»»
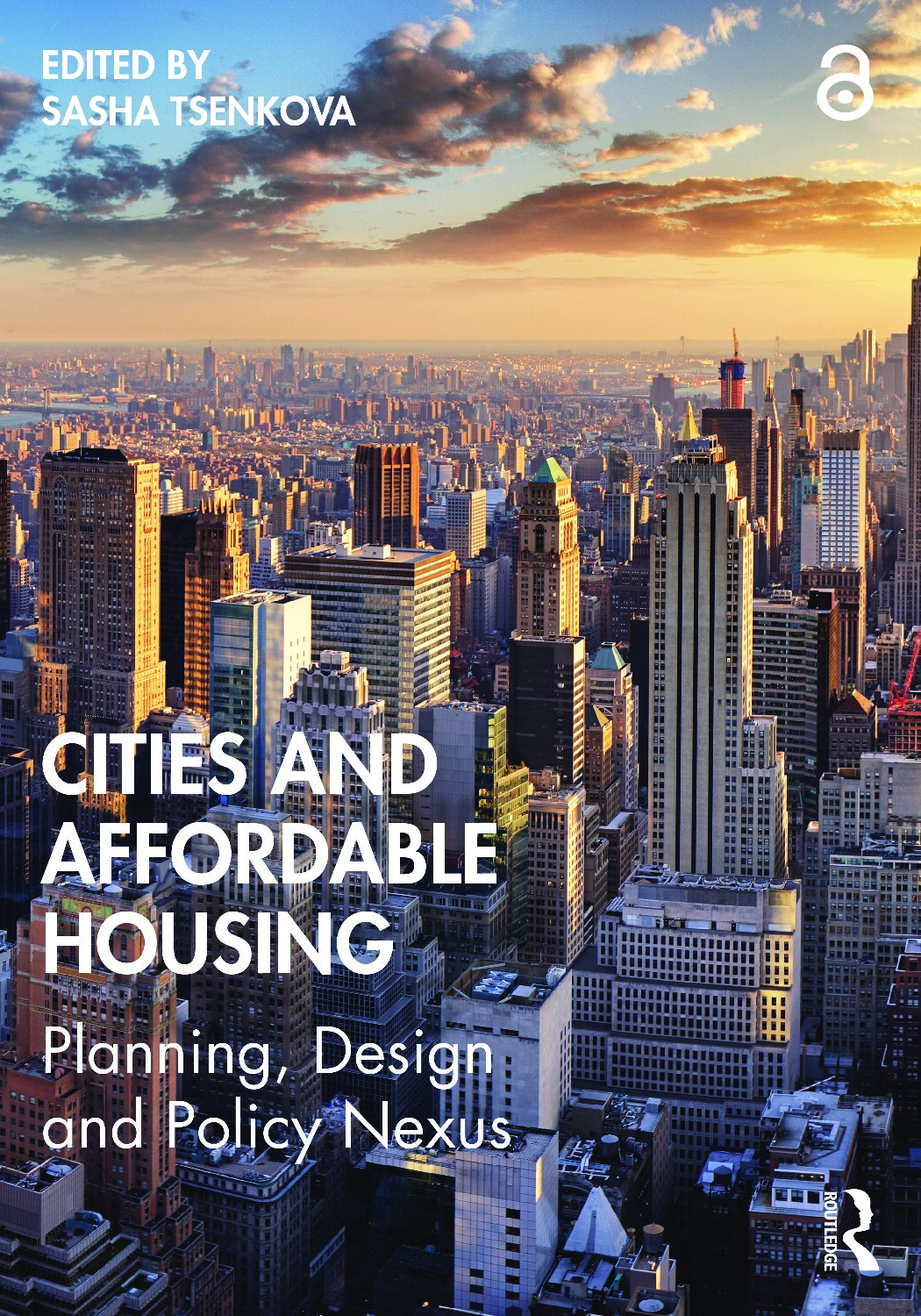 Cities and Affordable Housing; Planning, Design and Policy Nexus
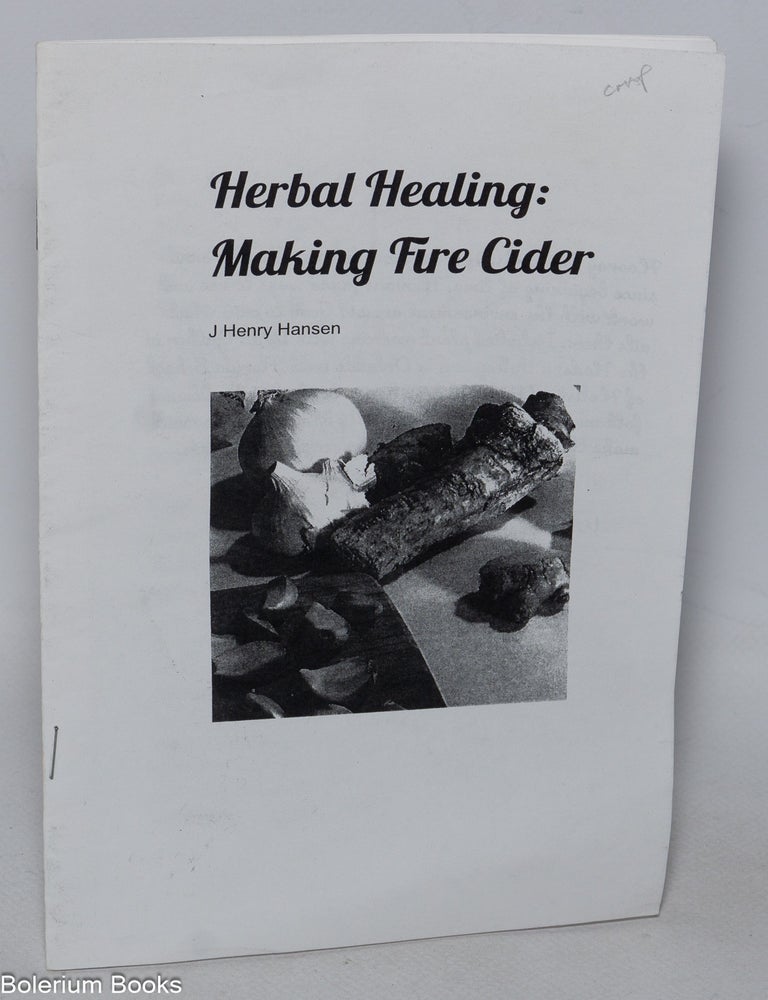 Cat.No: 322270 Herbal Healing: Making Fire Cider. J. Henry Hansen.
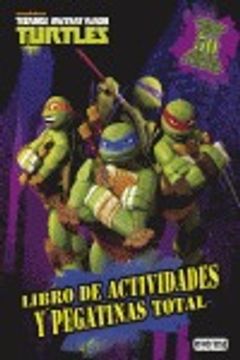 portada Teenage Mutant Ninja Turtles. Libro de actividades y pegatinas total: ¡Pósteres! ¡Más de 50 pegatinas! ¡Y mucho más! (in Spanish)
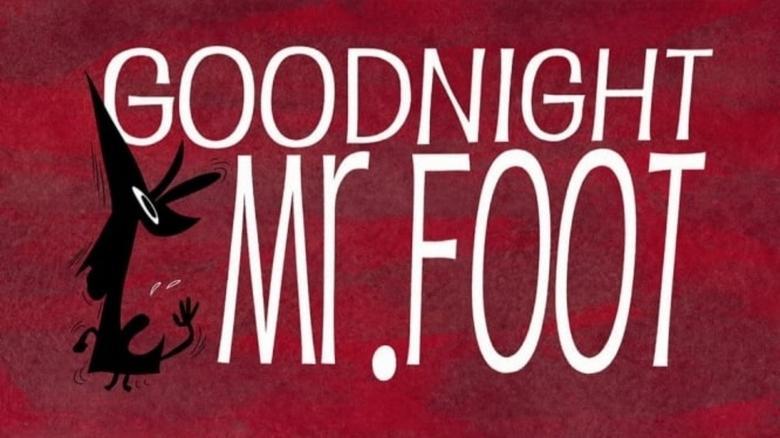 Goodnight, Mr. Foot image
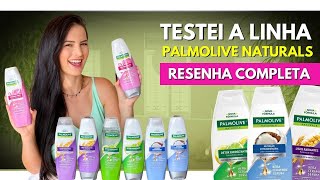 TESTEI A LINHA PALMOLIVE NATURALS RESENHA COMPOSIÇÃO PRA QUE SERVE É BOM [upl. by Eceirehs]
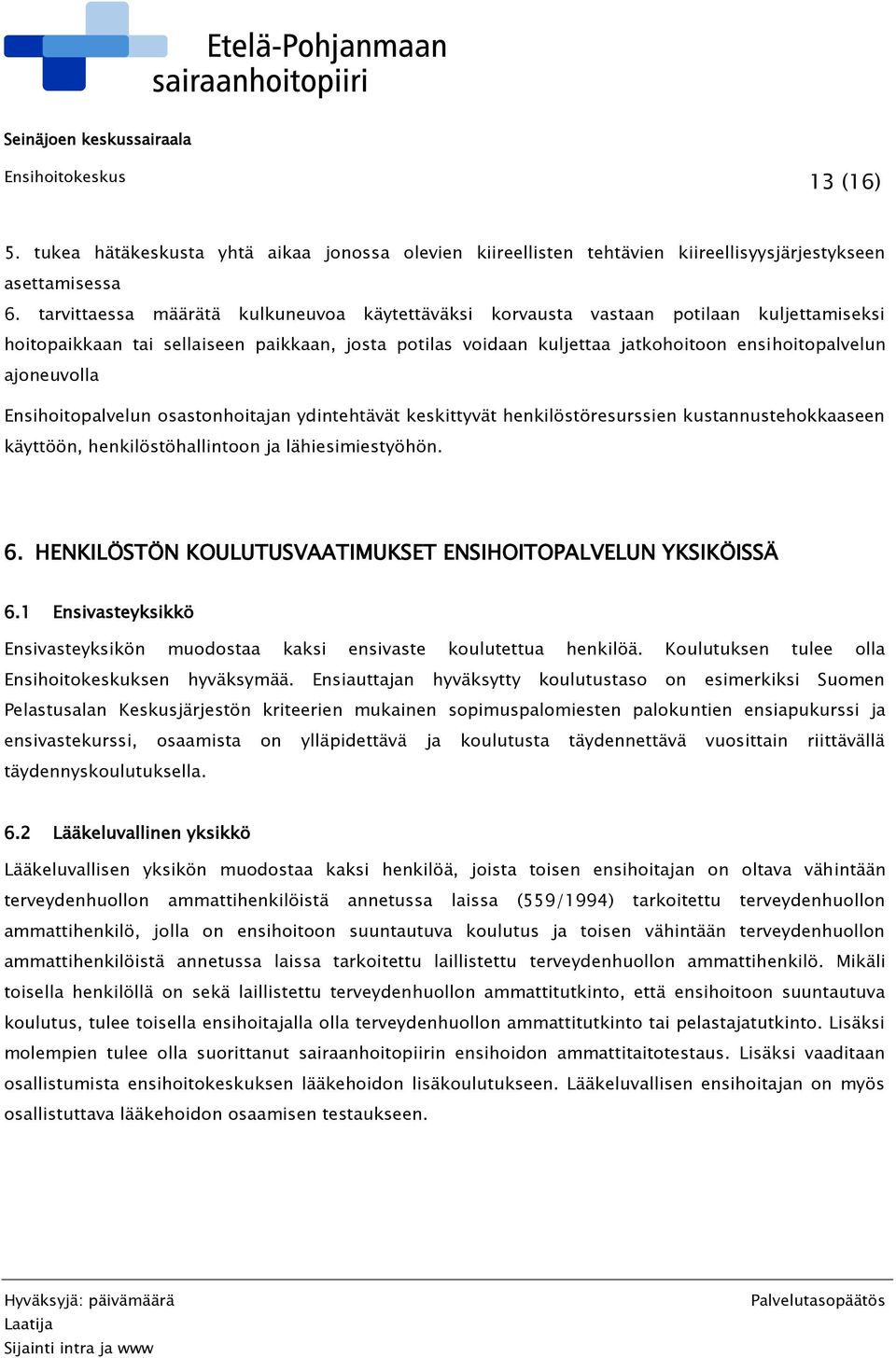 ajoneuvolla Ensihoitopalvelun osastonhoitajan ydintehtävät keskittyvät henkilöstöresurssien kustannustehokkaaseen käyttöön, henkilöstöhallintoon ja lähiesimiestyöhön. 6.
««
DESCRIPTION OF THE TASK
Reproduce the listing word for word and omit its pictures.

RESULT OF THIS TASK
 Cities and Affordable Housing; Planning, Design and Policy Nexus
 Cat.No: 322270 Herbal Healing: Making Fire Cider. J. Henry Hansen.
 portada Teenage Mutant Ninja Turtles. Libro de actividades y pegatinas total: ¡Pósteres! ¡Más de 50 pegatinas! ¡Y mucho más! (in Spanish)
 Goodnight, Mr. Foot image
 TESTEI A LINHA PALMOLIVE NATURALS RESENHA COMPOSIÇÃO PRA QUE SERVE É BOM [upl. by Eceirehs]
 ajoneuvolla Ensihoitopalvelun osastonhoitajan ydintehtävät keskittyvät henkilöstöresurssien kustannustehokkaaseen käyttöön, henkilöstöhallintoon ja lähiesimiestyöhön. 6.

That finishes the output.